Question 5. Do you agree with the procedure to assess whether an issuer has a higher degree of risk?

Please see the answer to question 4 above.

Question 6. Do you consider the criteria and their evaluation benchmarks sufficiently clear?

Please see the answer to question 4 above.

Question 7. Do you agree with the need for a solvency and liquidity stress-test and the requirements of the stress-test?

In principle, we agree with the need for solvency and liquidity stress-tests and the requirements of the stress tests.

Question 8. Do you agree with the frequency and time horizon of the solvency and liquidity stress-test? Should there be more differentiation between significant and not-significant issuers? Should the stress testing be more frequent for issuers of asset-referenced tokens referenced to official currencies?

While the minimum frequency for solvency stress test shall be at least quarterly for issuers of significant asset-referenced tokens or significant e-money tokens, the minimum frequency for solvency stress tests with respect to issuers of regular, i.e. non-significant, asset-referenced tokens or e-money tokens is rather unclear, i.e. whether the wording “the frequency shall be, at least, semi-annual for such issuers” applies to those issuers. This should be clarified.

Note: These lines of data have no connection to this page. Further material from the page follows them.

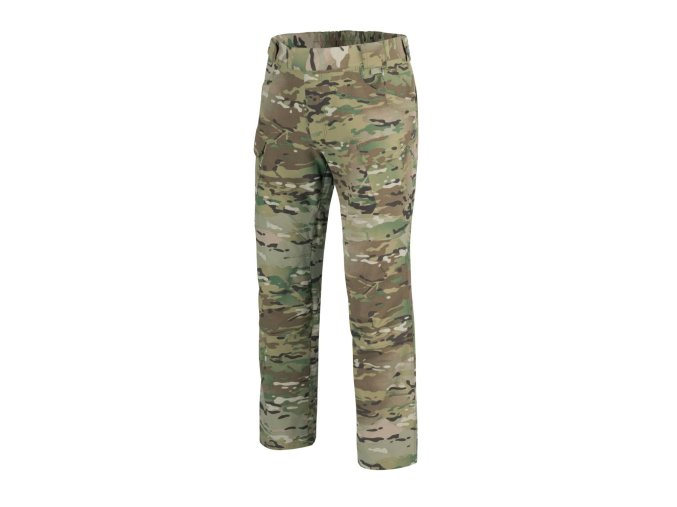 Kalhoty OUTDOOR TACTICAL® softshell MULTICAM® (velikost 3XL-XL)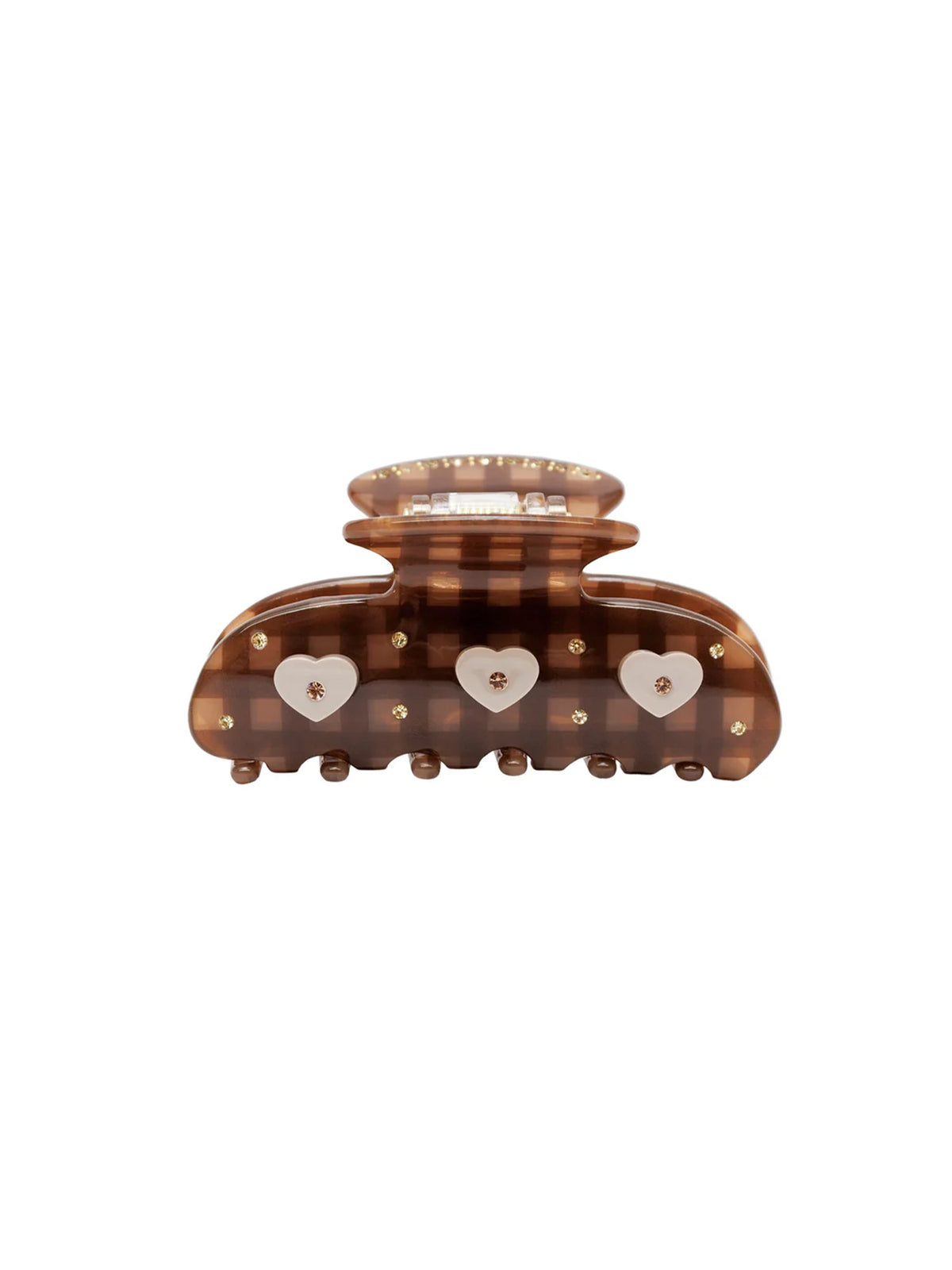 sweetheart clip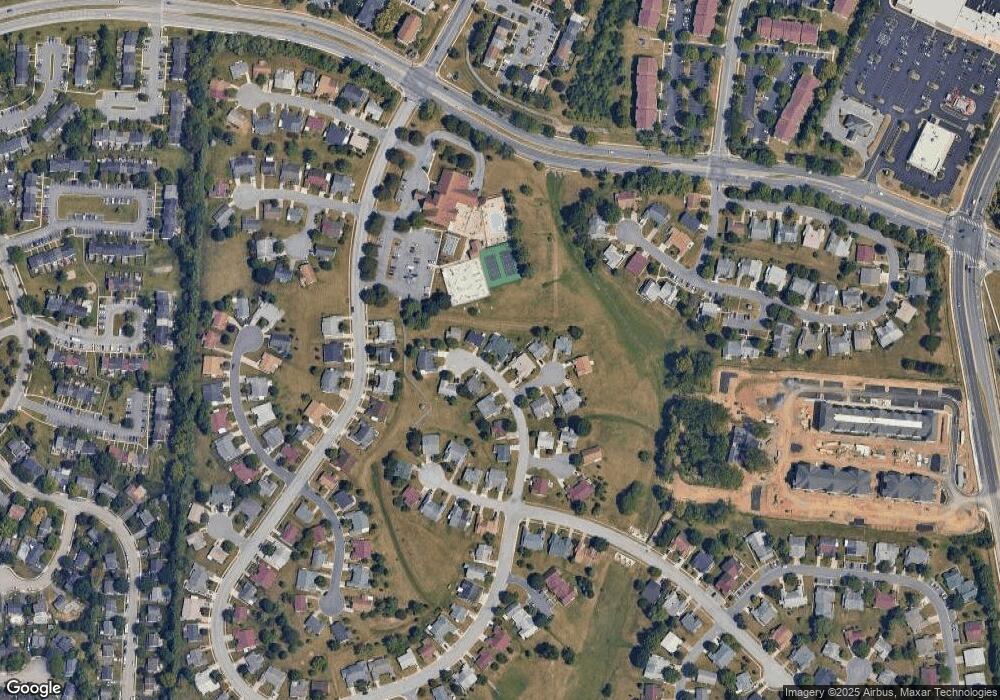 6891 Crabapple Ct, Frederick, MD 21703 - photo 1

We understand that there are several strict requirements applying for the reserve of assets to cover relevant risks, e.g. legal and operational segregation, very specific liquidity requirements, as well as clear investment restrictions. Therefore, we consider the minimum frequency of liquidity stress test on a monthly basis as not required and too onerous.

Question 9. Should a reverse stress testing requirements/methodology be introduced? Please provide your reasoning.

In our opinion, there is no need to introduce reverse stress testing. As reverse stress tests aim to find exactly those scenarios that cause institutions to default by changing single variables while leaving other variables unchanged, they often lead to results that are highly extreme and rather unrealistic. Therefore, in our opinion the focus should rather be on normal stress testing. However, it is reasonable to implement reserve stress testing for significant issuers on a yearly basis. For non-significant issuers, we do not see justification for such a requirement.

Question 10. Do you have any other comments in relation to the stress-testing part in these RTS?

With respect to Art. 9, we request to provide additional guidance regarding how the different types of risks shall be addressed, specifically if there will be fixed calculation guidelines provided.